I don't particularly want to see some within USArchery decide who is or isn't a "really good coach." I already have enough of an issue with the NON-merit based certification approach we use now.


----------



## Moebow (Jul 8, 2010)

How about issuing ONE "coach's pass" to each participant in their registration package? They in turn give that ONE pass to the "person" of their choice. That would make the "one coach per shooter" simple and end folks just buying passes for proximity purposes. Just a thought.

Arne


----------



## XForce Girl (Feb 14, 2008)

Moebow said:


> How about issuing ONE "coach's pass" to each participant in their registration package? They in turn give that ONE pass to the "person" of their choice. That would make the "one coach per shooter" simple and end folks just buying passes for proximity purposes. Just a thought.
> 
> Arne


I like that, but USA Archery will still want their $20


----------



## Serious Fun (May 12, 2003)

RickBac said:


> I saw few at the AZ Cup used as a way to sit with their archer. No coaching was being done.


Its humorous but sad.
Parents, family, coaches, instructors and club leaders pass credentials around or wear expired coach credentials backwards. When confronted and corrected, they would drift out of the archers area until I have moved on and then drift back in. Watching the dance is almost comical. I feel bad for the few that follow the rules, they are considered fools by the rules breakers for following the rules. A sad circumstance for a sport that depends on integrity. Members that have agreed to the code of ethics don’t think the rules are meant for them. Yet they will be the first to cry foul when someone else break the rules when it effects them. Maybe the solution is to raise the entry fee to pay for a huge archers area with access, chairs, tents and bottled water for everyone.


----------



## limbwalker (Sep 26, 2003)

Glad to see that post Bob because it's spot-on.

Fact is, there is a large contingent within USArchery ranks (parents, coaches, archers and even sometimes officials and staff) who believe they are above the rules. I'm one of those rule followers who would be considered a fool by the rule breakers. I may protest loudly, but I do follow the rules sometimes to a fault. 

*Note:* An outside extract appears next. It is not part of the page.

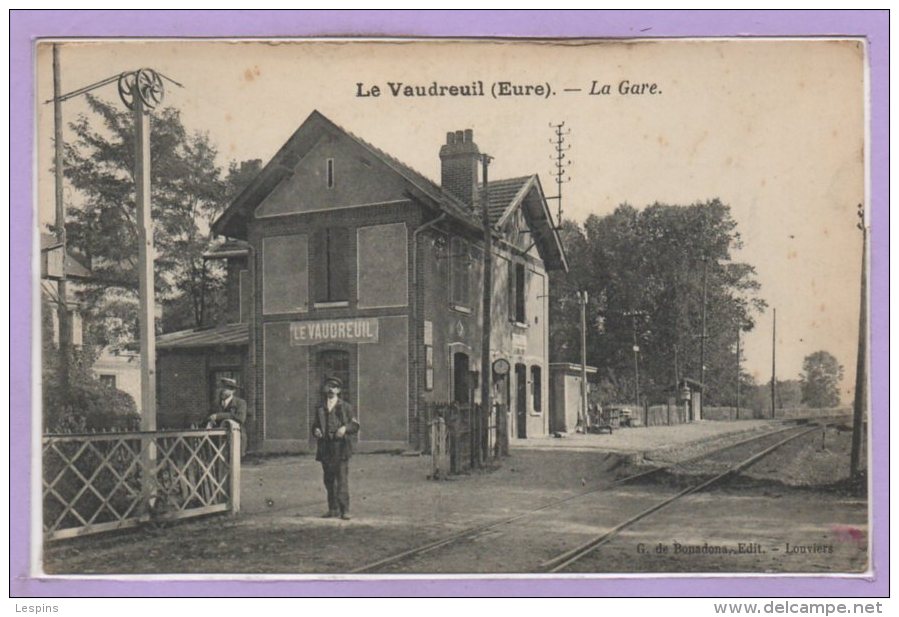 27 - Le VAUDREUIL --  La Gare - Le Vaudreuil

I'm very glad you are seeing the same thing I and many others are seeing. It seems that there has become a "club" that one either fits in, or does not, within USArchery. If one is "in" then it really doesn't matter how they behave or what they do, nobody corrects them. If one is "out" then they are ostracized. It's been this way for a while now. We all know who most of the players are. 

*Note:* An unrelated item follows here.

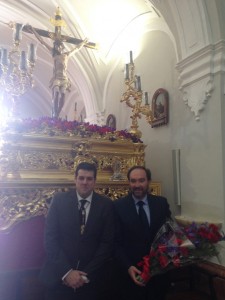 La Diputación realiza cada año una ofrenda floral al Cristo del Buen Viaje.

I think it's high time USArchery start to crack down on this. With penalties, as Kevin suggested. Penalize a few "known" rule-breakers and then we'll see some changes. Otherwise, it's only going to get worse. It's barely even tolerable now.

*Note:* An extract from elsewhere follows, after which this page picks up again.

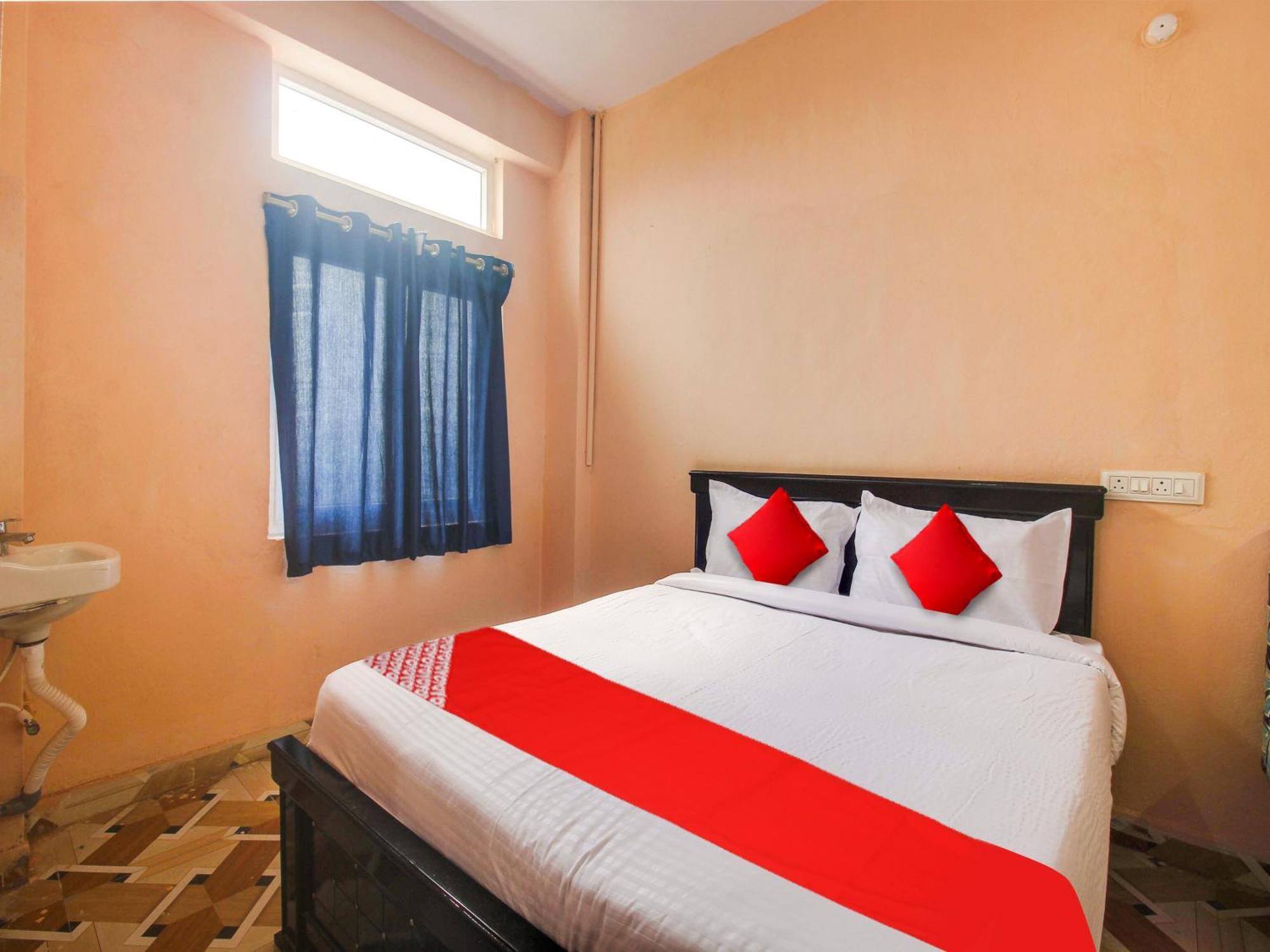 Hotel O R.J.International Pedda Ambarpet Esterno foto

If there is any question about who should be put in charge of enforcing these rules, there shouldn't be. Jane Johnson would come down hard and without prejudice and I would put her in charge of matters such as this at any event I could.


----------



## RickBac (Sep 18, 2011)

Education is the key at local events. We continually remind parents they are not allowed to just stand at the waiting line unless they are coaching or spotting for their archer. Our archers know they need to let their competitors compete without disrupting them. Our clubs do a good job keeping this in check.

At the Cup there were several people going through the crowd to make sure they had proper credentials. I was asked twice to see mine.


----------



## Matt Z (Jul 22, 2003)

Can it be assigned on a club basis? Can the club president identify who coaches are and who receives credentials each year (not event). It's the coach's responsibility to bring the credential with them and sign in at the event with identification vs. buying it on an as needed basis?


----------



## Serious Fun (May 12, 2003)

RickBac said:


> Education is the key at local events. We continually remind parents they are not allowed to just stand at the waiting line unless they are coaching or spotting for their archer. Our archers know they need to let their competitors compete without disrupting them. Our clubs do a good job keeping this in check.
> 
> At the Cup there were several people going through the crowd to make sure they had proper credentials. I was asked twice to see mine.


 A photo on the credential would be helpful since there are to many coaches to be able to recognize them all. What I worry about is having judges distracted with coach credentials compliance instead of taking care of the actual competition and a meaningful outcome.


----------



## limbwalker (Sep 26, 2003)

Serious Fun said:


> A photo on the credential would be helpful since there are to many coaches to be able to recognize them all.


Why couldn't every L2 or above coach receive their coaching credential (with photo)? Might be handy to show a parent or prospective club member, or a member of the media covering a local event. 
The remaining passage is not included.